### Problem to work on
Every line with "Cabo" in it should be copied from the data.
**** Task material ****
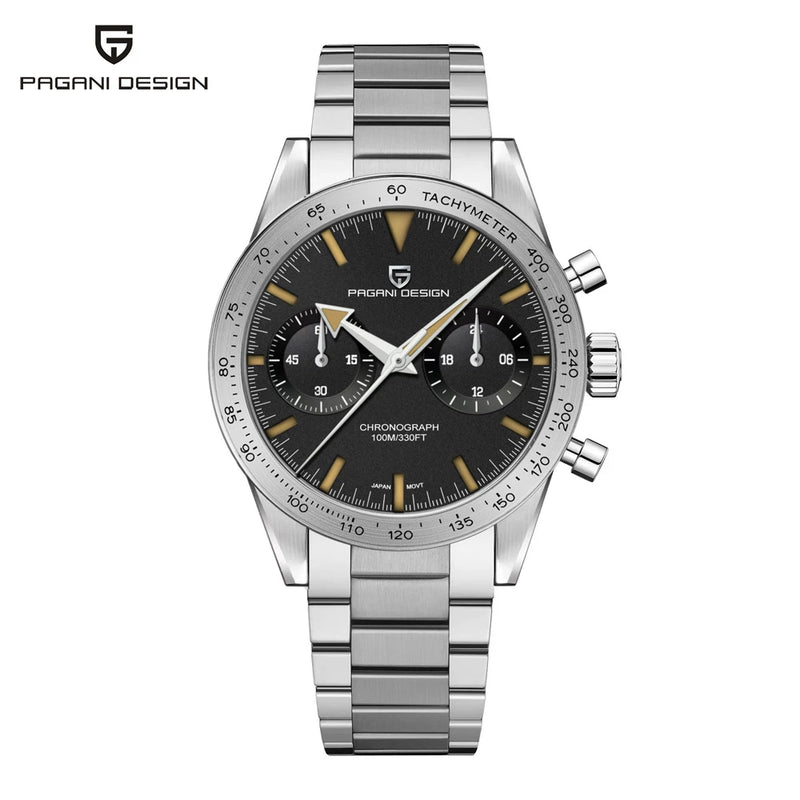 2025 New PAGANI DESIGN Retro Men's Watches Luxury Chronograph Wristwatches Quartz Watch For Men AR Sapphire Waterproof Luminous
****
**** Task material ****
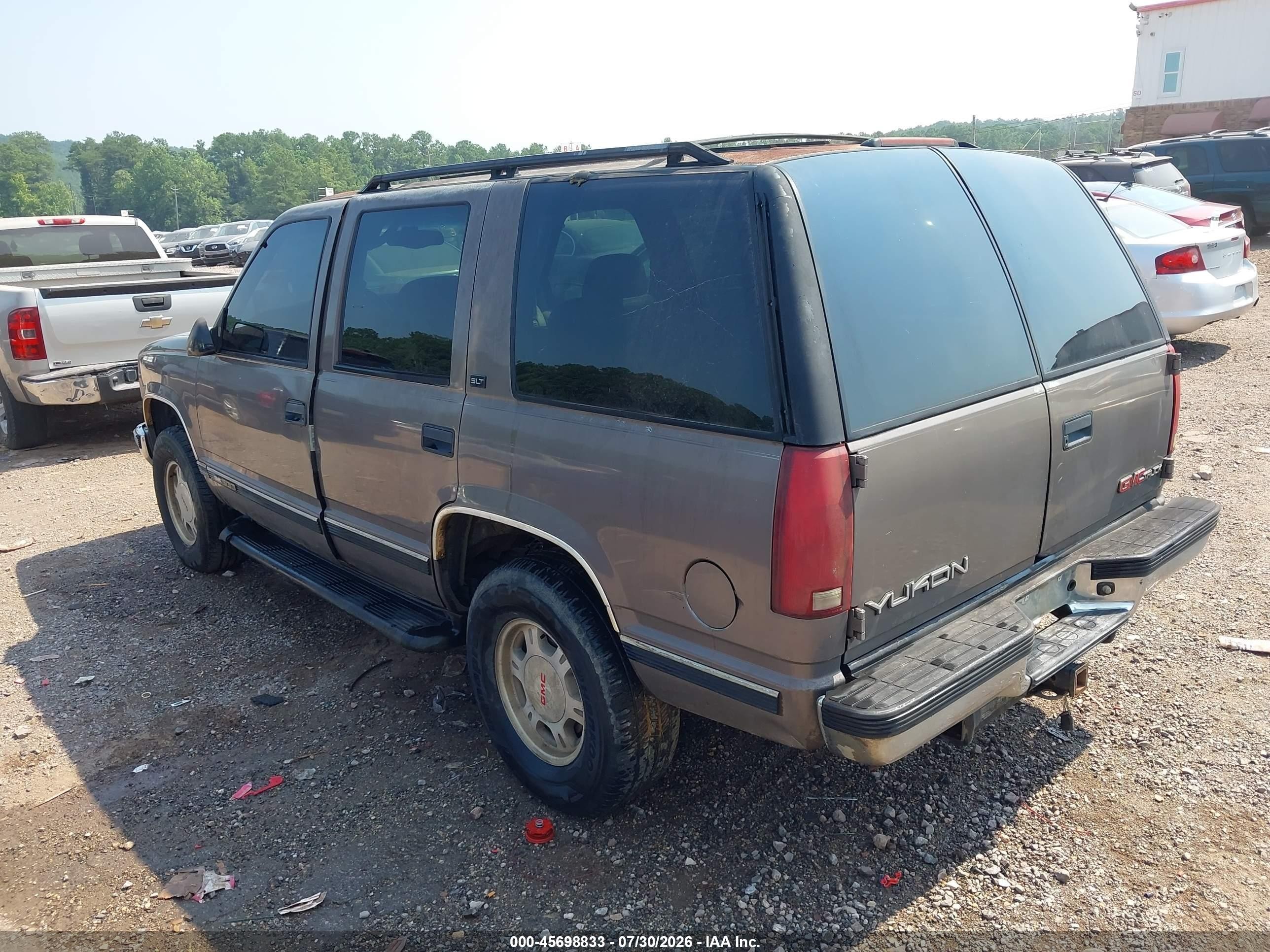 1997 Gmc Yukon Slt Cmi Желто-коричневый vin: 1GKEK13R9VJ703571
****
**** Task material ****
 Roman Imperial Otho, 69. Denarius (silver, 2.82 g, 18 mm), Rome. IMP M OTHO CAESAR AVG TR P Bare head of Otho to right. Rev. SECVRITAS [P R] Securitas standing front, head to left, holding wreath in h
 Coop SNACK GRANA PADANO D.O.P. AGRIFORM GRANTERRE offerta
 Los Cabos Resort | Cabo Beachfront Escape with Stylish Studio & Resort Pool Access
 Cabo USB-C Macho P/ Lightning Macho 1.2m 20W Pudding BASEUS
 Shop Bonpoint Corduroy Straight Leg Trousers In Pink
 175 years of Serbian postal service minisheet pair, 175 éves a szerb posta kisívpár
****
### Task output
 Los Cabos Resort | Cabo Beachfront Escape with Stylish Studio & Resort Pool Access
 Cabo USB-C Macho P/ Lightning Macho 1.2m 20W Pudding BASEUS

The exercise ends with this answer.